[DATA FOR PROCESSING]
* * *

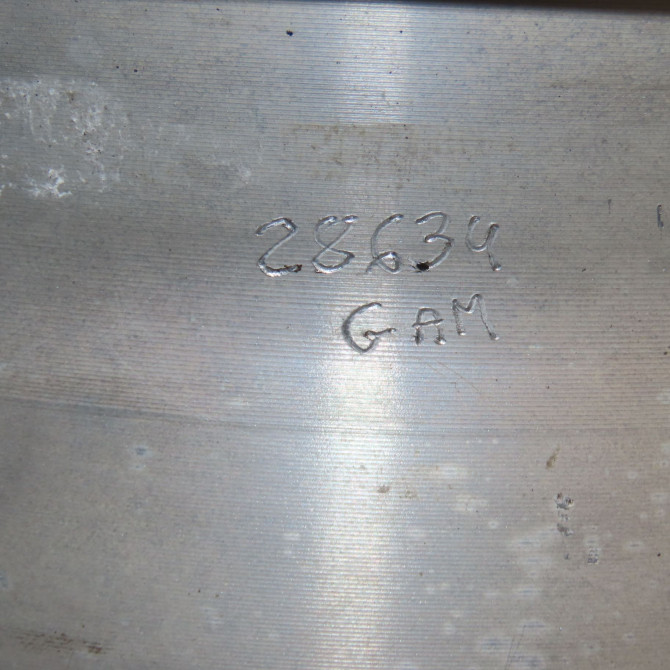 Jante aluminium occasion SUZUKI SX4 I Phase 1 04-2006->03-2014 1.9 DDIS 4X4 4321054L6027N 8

* * *

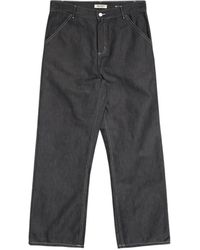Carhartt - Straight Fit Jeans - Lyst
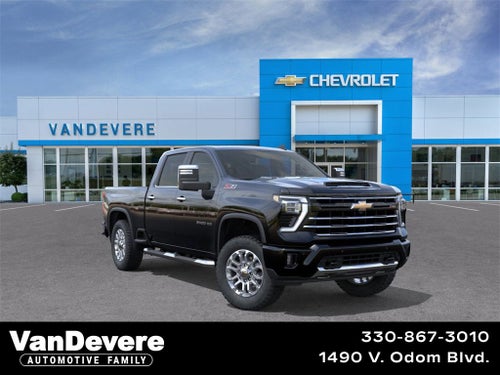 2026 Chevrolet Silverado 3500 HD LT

* * *

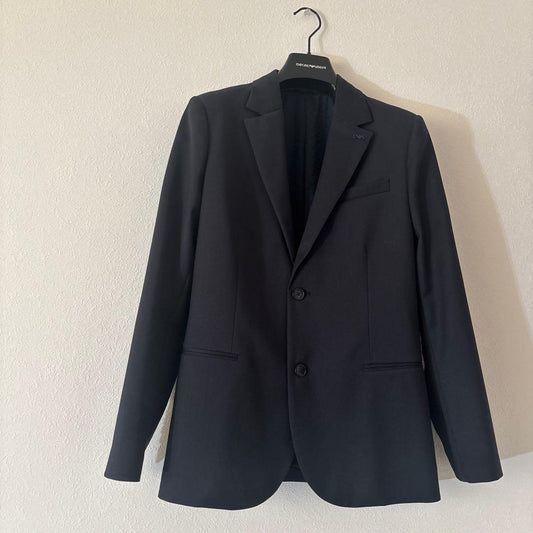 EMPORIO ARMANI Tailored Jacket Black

* * *

[EXERCISE OBJECTIVE]
Using the entries above, write out exactly the lines from the one with "Carhartt - Straight Fit Jeans - Lyst" through the one with "2026 Chevrolet Silverado 3500 HD LT", ends included. Leave out any pictures.

[SOLUTION FOR THIS PROBLEM]
Carhartt - Straight Fit Jeans - Lyst
 2026 Chevrolet Silverado 3500 HD LT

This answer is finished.